# EXERCISE DATA
┌────────

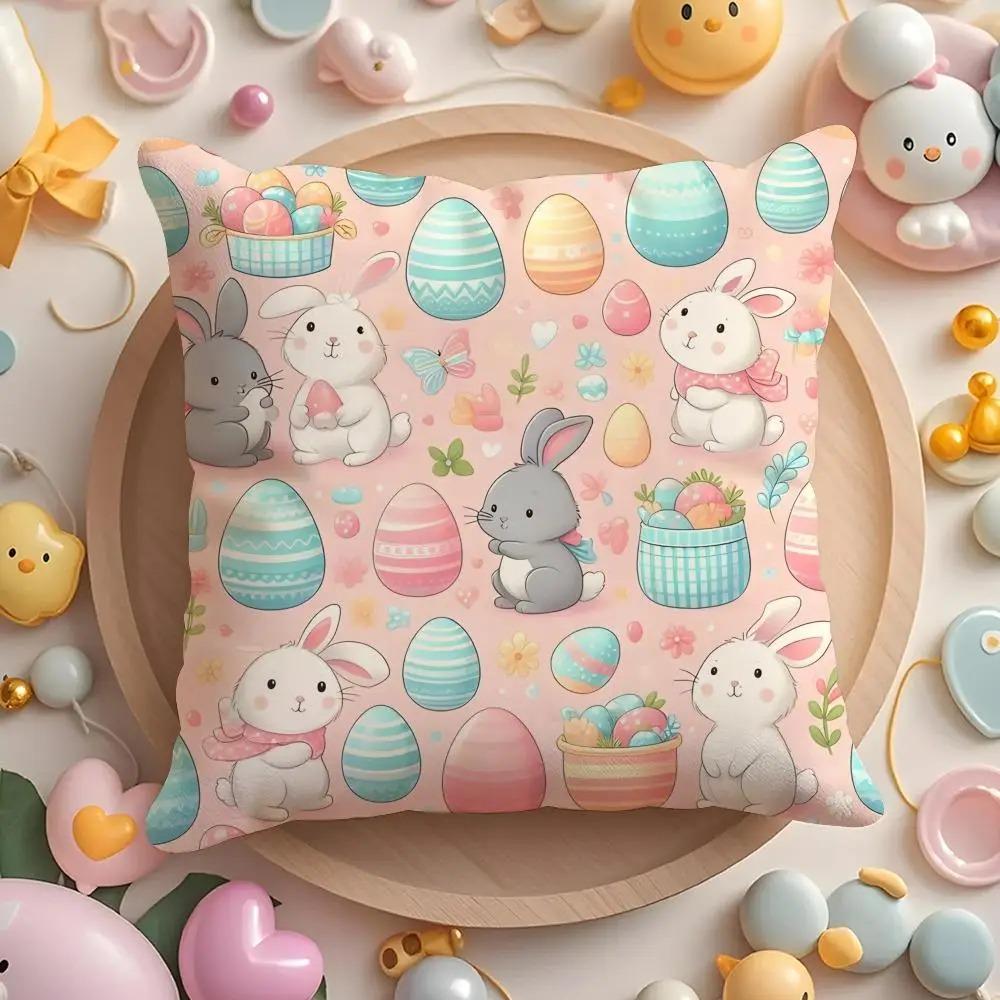 Happy Easter Bunny Pillowcase Peach Skin Colorful Egg Cushion Cover Spring Home Decor For Sofa Kids Room Throw Pillow Case 1 Pc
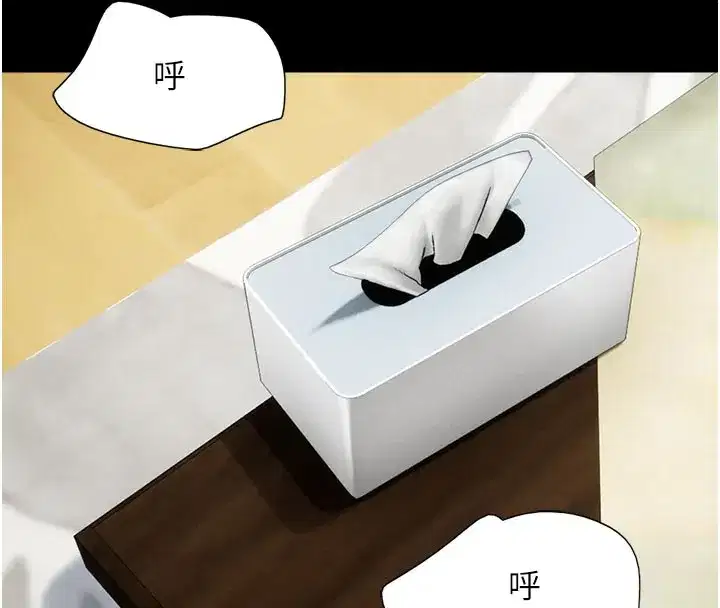 第26話-慾火無法平息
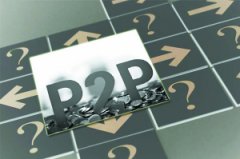 P2PԪ�Ͽ��Ĵ��ֶҸ�Σ�� ����Υ����˱���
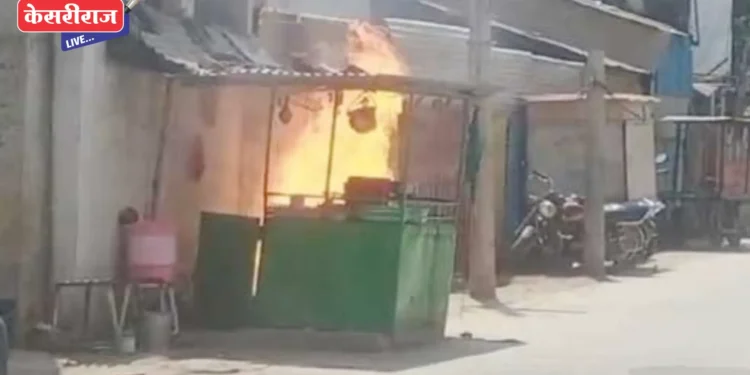 गॅसचा भडका उडाल्याने चहाच्या टपरीस लागली आग, एक जखमी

└────────

The data above should be returned in full, exactly as written, apart from its images.

 Happy Easter Bunny Pillowcase Peach Skin Colorful Egg Cushion Cover Spring Home Decor For Sofa Kids Room Throw Pillow Case 1 Pc
 第26話-慾火無法平息
 P2PԪ�Ͽ��Ĵ��ֶҸ�Σ�� ����Υ����˱���
 गॅसचा भडका उडाल्याने चहाच्या टपरीस लागली आग, एक जखमी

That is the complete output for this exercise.